Just as National Breast Cancer Awareness Month begins, new research is pointing the way to a better future for breast cancer patients.
First Drug Approved for Pre-Surgery Breast Cancer
The U.S. Food and Drug Administration (FDA) announced Monday that the drug Perjeta (pertuzumab) has received accelerated approval for the neoadjuvant treatment of breast cancer, or treatment to shrink a tumor before surgery.
The drug first received FDA approval in 2012 for the treatment of metastatic breast cancer in women with the HER2 gene.
The new use is for patients with HER2-positive early stage breast cancer to reduce the cancer’s ability to grow and survive. The drug is intended to be used with trastuzumab and other chemotherapy drugs prior to surgery, though it can also be used after surgery.

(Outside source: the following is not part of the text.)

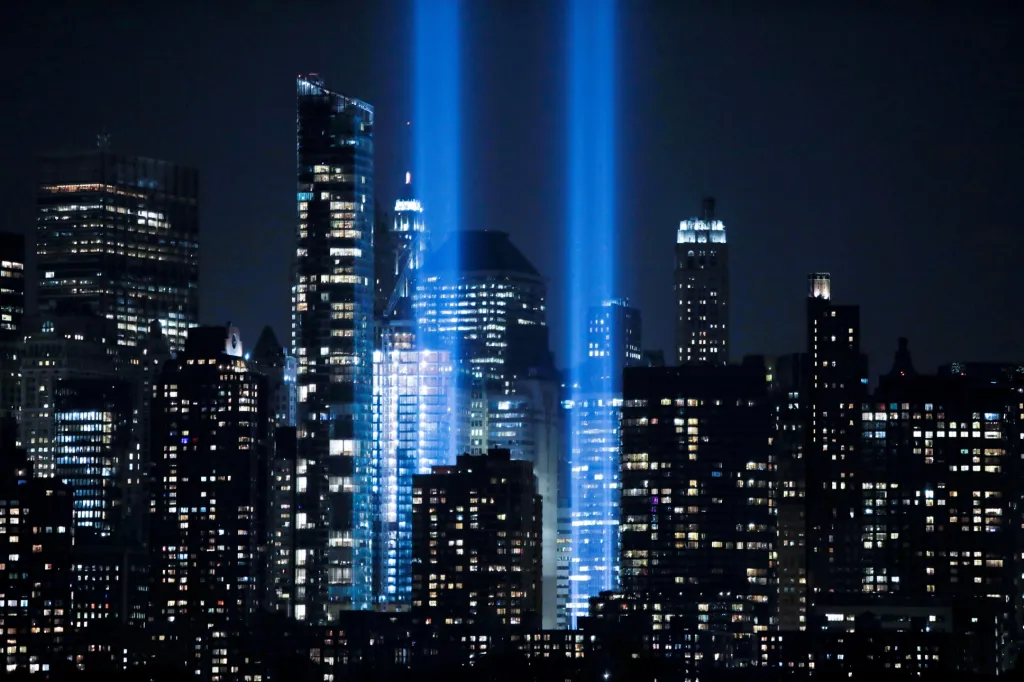 Světlem si připomněli obyvatelé New Yorku smutné 18. výročí zřícení „dvojčat“ Světového obchodního centra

“We are seeing a significant shift in the treatment paradigm for early stage breast cancer,” Dr. Richard Pazdur, director of the Office of Hematology and Oncology Products in the FDA’s Center for Drug Evaluation and Research, said in a statement. “By making effective therapies available to high-risk patients in the earliest disease setting, we may delay or prevent cancer recurrences."
The drug received accelerated approval after about 39 percent of the 417 participants in a clinical trial showed no invasive cancer in the breast or lymph nodes after being treated with Perjeta plus trastuzumab and docetaxel.
Another study is currently underway with 4,800 participants. The study focuses on breast cancer survivors with the HER2 gene who are at a high risk of having their cancer return. The results of that study are expected in 2016.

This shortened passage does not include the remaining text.